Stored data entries
──────────────────────────────

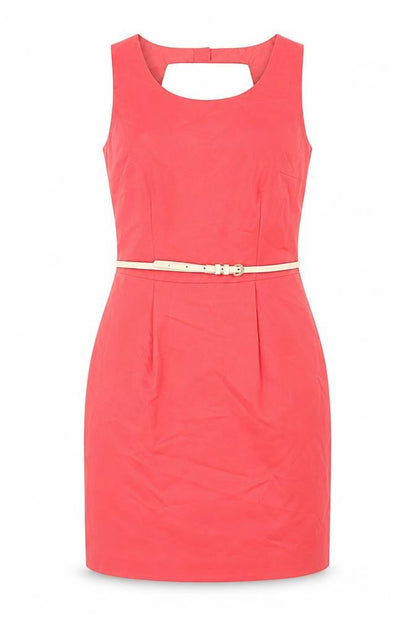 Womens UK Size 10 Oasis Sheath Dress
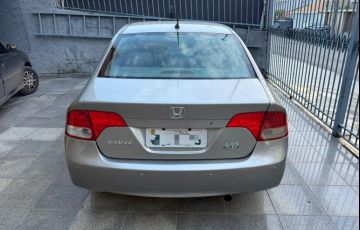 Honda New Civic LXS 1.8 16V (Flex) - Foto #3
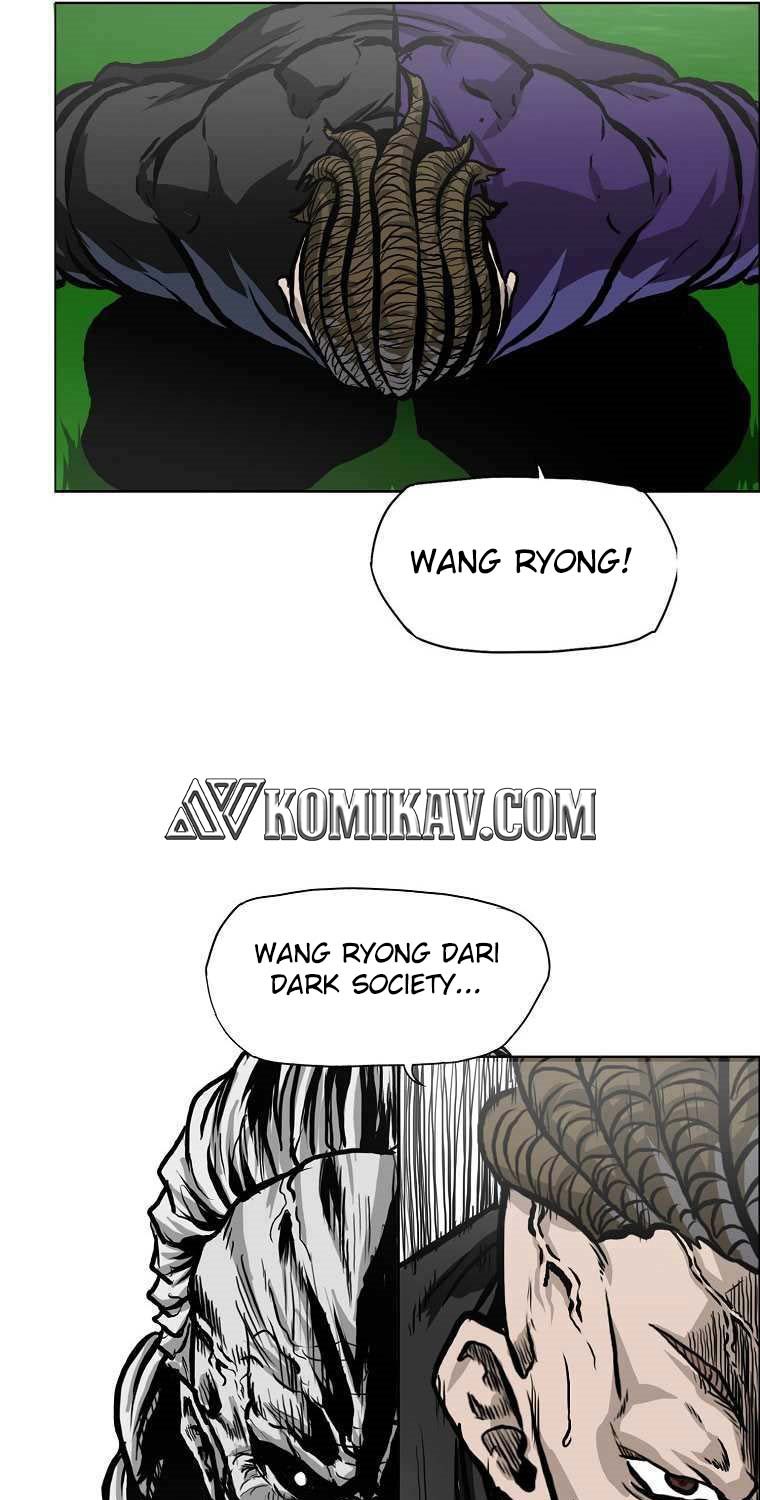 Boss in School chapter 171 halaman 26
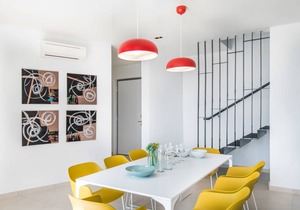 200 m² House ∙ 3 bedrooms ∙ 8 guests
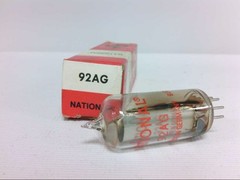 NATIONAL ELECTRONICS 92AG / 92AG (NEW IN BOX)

──────────────────────────────

Work instruction
Your answer must be the records above, word for word, with every picture left out.

Solution below
 Womens UK Size 10 Oasis Sheath Dress
 Honda New Civic LXS 1.8 16V (Flex) - Foto #3
 Boss in School chapter 171 halaman 26
 200 m² House ∙ 3 bedrooms ∙ 8 guests
 NATIONAL ELECTRONICS 92AG / 92AG (NEW IN BOX)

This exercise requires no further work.